Today, we’ll talk about someone who was part of Gilas in 2011 as the Filipinos broke into the top four of the FIBA Asia Men’s for the first time since 1987. He was the usual starter at the SG spot, often guarding the opposing team’s best wingman. He was also one of the team’s designated snipers and slashers. He is Marcio Lassiter.

What he brings to the table:

Lutz offers three main things to the Gilas cause — his experience, his skill-set, and his versatility.

Much like Chris Lutz, Marcio’s Lassiter’s main strengths are his skill-set, versatility, and experience. Some, in fact, may argue that Lutz and Lassiter play very similarly, and that, should coach Chot want a pair of players seamlessly subbing for each other, then these two are his men.

If I may offer a sliver of differentiation, though, this is it — whereas I think Lutz is the slightly better playmaker and slasher, I think Lassiter is the slightly better shooter, ball-handler, and defender. In the 2011 Wuhan joust, Lassiter played six games, averaging around 8 points, 5 rebounds, and 1 steal. He was the team’s second-leading scorer behind Marcus Douthit. He defended guys like Rahseim Wright, Takuya Kawamura, Jet Chang, and Cho Sung-Min.
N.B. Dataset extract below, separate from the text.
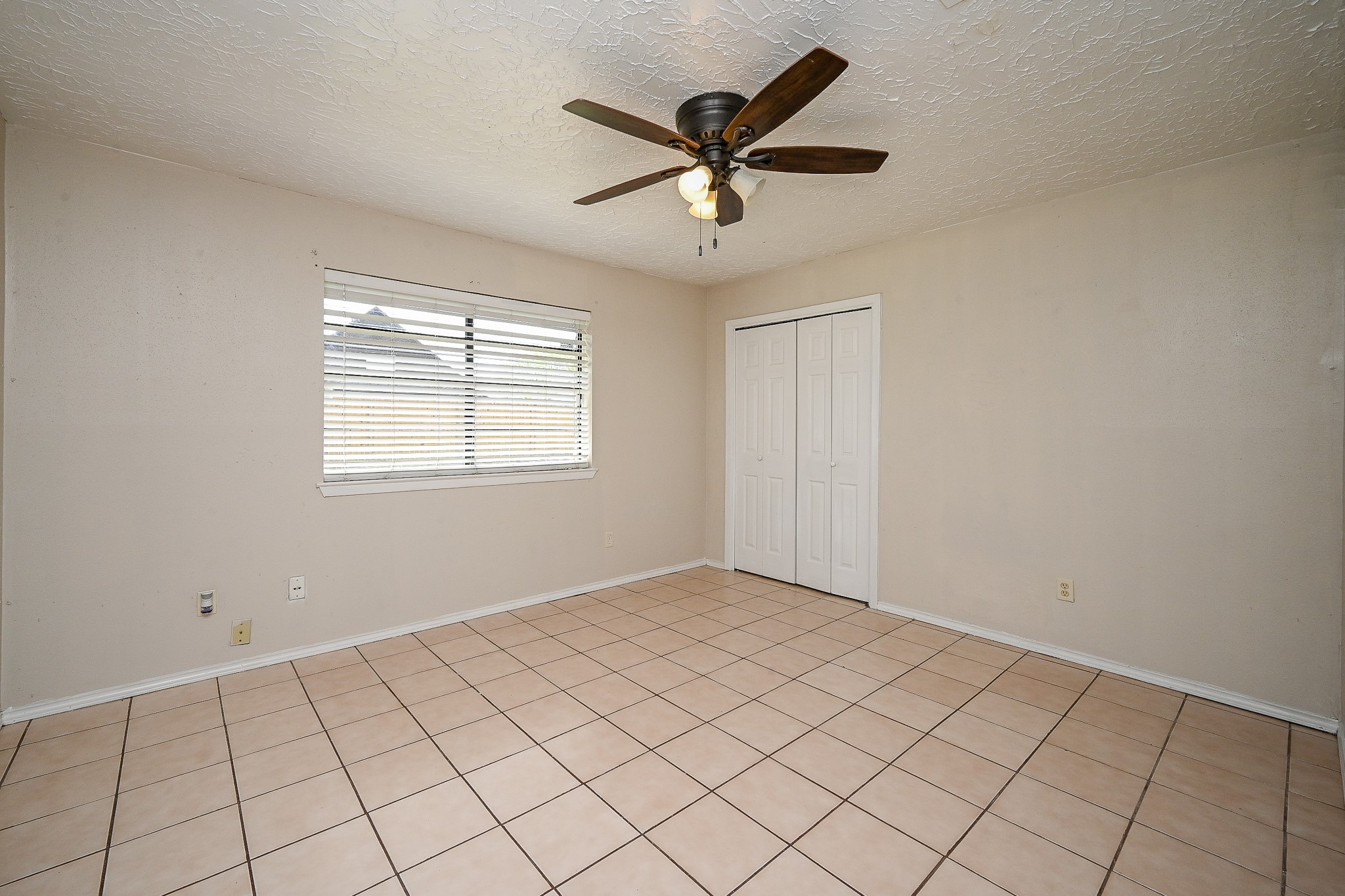 7407 W Fuqua Drive, Houston, TX 77489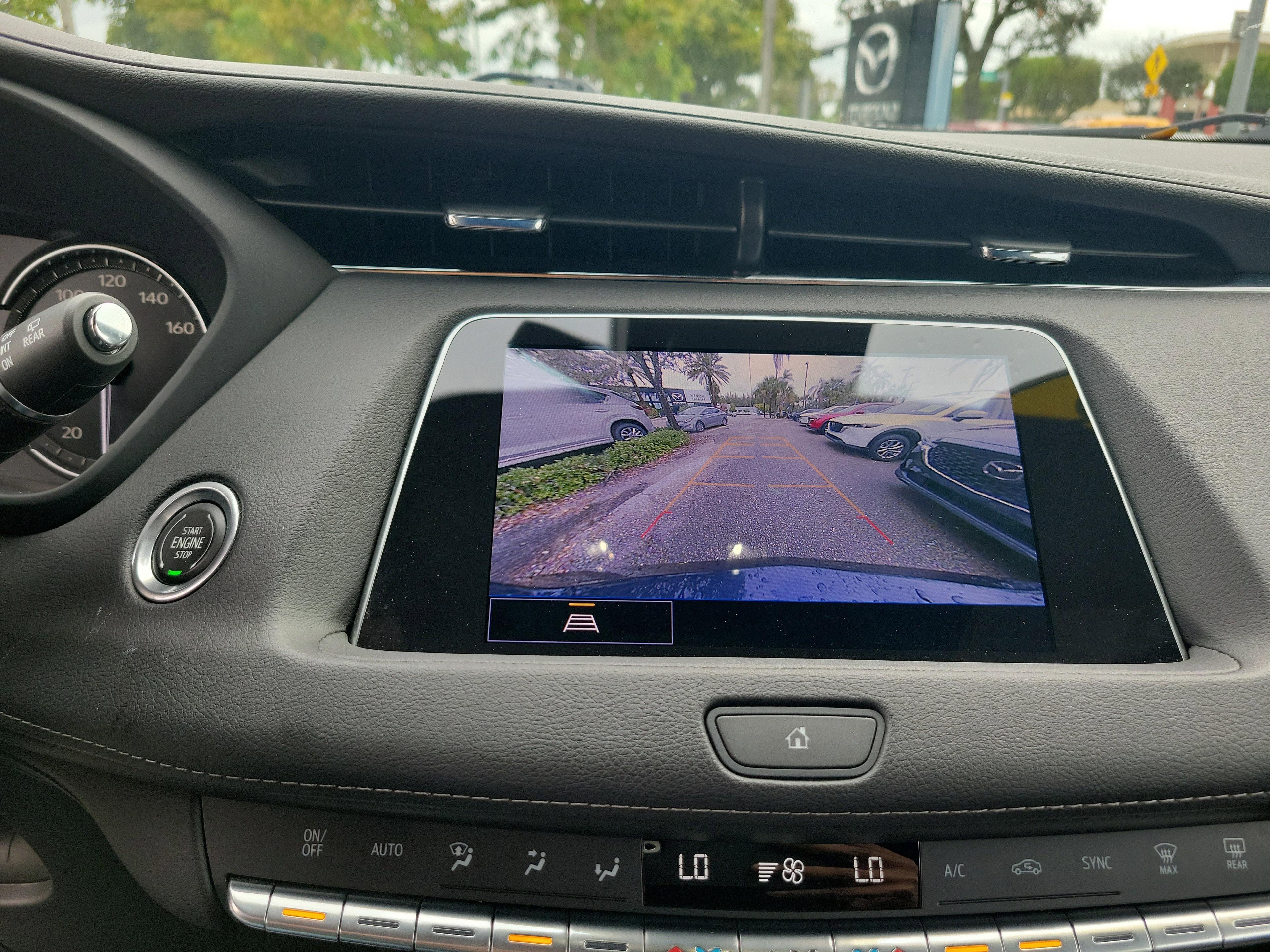 Cadillac Xt4 Luxury - Thumbnail 18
Right now in the 2013-2014 PBA Season, Lassiter is doing pretty well, averaging about 15 points, 4 rebounds, 3 assists, 1 steal, and 2 treys per outing. His one glaring flaw, however, is missing about a third of his free throws. He is a really solid two-way guy, but when it comes to crunch time and hitting those pressure-cooker freebies, Lassiter is not the odds-on favorite.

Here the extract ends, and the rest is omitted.